As yet unidentified plant samples were submitted through Inaturalist for ID.
creeping buttercup
hosta
class Magnoliopsida
(iNaturalist ID source)
trillium
Sample Spring Data: As with any research, the quantity of raw data builds toward reliable patterns of temperature, species development, vegetation growth - in effect, all the components that characterise a vernal pool. Using a form developed by Vermont Center for ECOSTUDIES, the following is data collected by six teams during a two-hour pool observation and assessment:
Visit date: 14 May 2021 @ 11.00 AM
vegetation
submerged vegetation - 28% floating vegetation - 0% emergent vegetation - 33% shrubs - 13% trees - 22%
physical parameters descriptors
swampy, muddy (2), lots of shrubs
ice - 0%
Beaufort scale - 1
water level - low
weather - sunny 68 F.
relative humidity 58%
species identifications - fairy shrimp, caddisfly larvae, tadpoles, tadpole eggs masses (3), water skipper beetle, unknown immature amphibian specimen, peepers, hosta, 6 unidentified plant species, multiple tree types.

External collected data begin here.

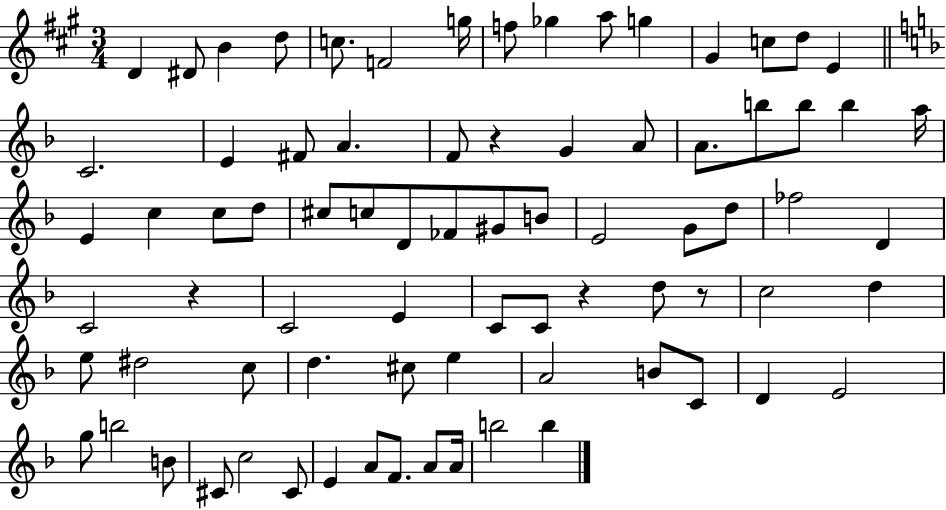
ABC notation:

X:1
T:Untitled
M:3/4
L:1/4
K:A
D ^D/2 B d/2 c/2 F2 g/4 f/2 _g a/2 g ^G c/2 d/2 E C2 E ^F/2 A F/2 z G A/2 A/2 b/2 b/2 b a/4 E c c/2 d/2 ^c/2 c/2 D/2 _F/2 ^G/2 B/2 E2 G/2 d/2 _f2 D C2 z C2 E C/2 C/2 z d/2 z/2 c2 d e/2 ^d2 c/2 d ^c/2 e A2 B/2 C/2 D E2 g/2 b2 B/2 ^C/2 c2 ^C/2 E A/2 F/2 A/2 A/4 b2 b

This spring transition was sudden. Only a week following these field research photographs, the water level dried up, leaving many developing species (no pun intended) high and dry.
It's difficult to imagine that a week following this shot, the entire pool was dried up. It started with a small pool and the rivulet connecting it to the end of this pool (Drizzle Cake) drying up and no longer adding water. Cut off from this tributary, sun and wind took care of the rest.
Developments for 2021-2022: Toward the end of the school year financial assistance from V.A.S.E. facilitated the purchase of a field camera with infrared flash. This unit will be put into the vernal pool area to record mammal and bird species visiting after dark. A HOBO data logger was purchased. It will be placed just above the central area of the vernal pool to provide remote hourly measurements of water temperatures. Currently on back-order is a one-of-a-kind recording device specifically constructed to record outdoor animal sounds while remaining waterproof. These additions, combined with continued identification of flora and fauna species using the Inaturalist app will allow us to begin to detect patterns of species, growth, death, weather and events taking place both with on-site research as well as remote sensing.